Me?  No.  As disaster responders we were treated very well.  Cal Fire has entire crews dedicated to feeding the rest of the responders; every day we got enormous cooked breakfasts and dinners and packed bag lunches twice the size of what we could eat, and when we got back to the base camp and went through decontamination, there were hot showers and laundry service and a tent city where we could sleep in cots.  Then we'd go out there the next morning and be reminded all over again of why were were there.

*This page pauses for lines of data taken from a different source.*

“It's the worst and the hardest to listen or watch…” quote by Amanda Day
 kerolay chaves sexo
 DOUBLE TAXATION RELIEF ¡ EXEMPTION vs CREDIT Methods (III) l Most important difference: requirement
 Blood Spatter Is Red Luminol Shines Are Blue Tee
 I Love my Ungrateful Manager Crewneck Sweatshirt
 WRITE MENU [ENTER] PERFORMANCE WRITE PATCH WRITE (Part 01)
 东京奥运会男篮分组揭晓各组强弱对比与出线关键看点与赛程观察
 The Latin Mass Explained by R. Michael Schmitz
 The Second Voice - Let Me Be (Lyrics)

This is, ultimately, 100% about the people affected.  I haven't set up a specific charity/GoFundMe/etc to collect funds to redistribute to them because, to be honest, the needs are so overwhelming I haven't had the time to research where sending it would do the most good.  But here's a fairly comprehensive list of organizations working toward different kinds of relief that could all use some cash.  I personally sent some money toward North Valley Community Foundation, which is funnelling it to groups providing shelter for victims — an absolutely crucial need but a short-term one.  (The American Red Cross is directly providing shelter, and they also work with other disasters nationwide.)  Northern California United Way is giving cash and gift cards directly to victims, which will help with short- to medium-term recovery in ways that mere housing won't.  The California Community Foundation focuses on longer-term relief.  You can also check GoFundMe for individual victims' pages, but I'm fortunate enough not to have any IRL friends directly affected — which also means I can't vouch for any individual fundraising campaign.  I hope if any bronies have fire-related needs, they'll speak up (or signal-boost it) in comments so readers know.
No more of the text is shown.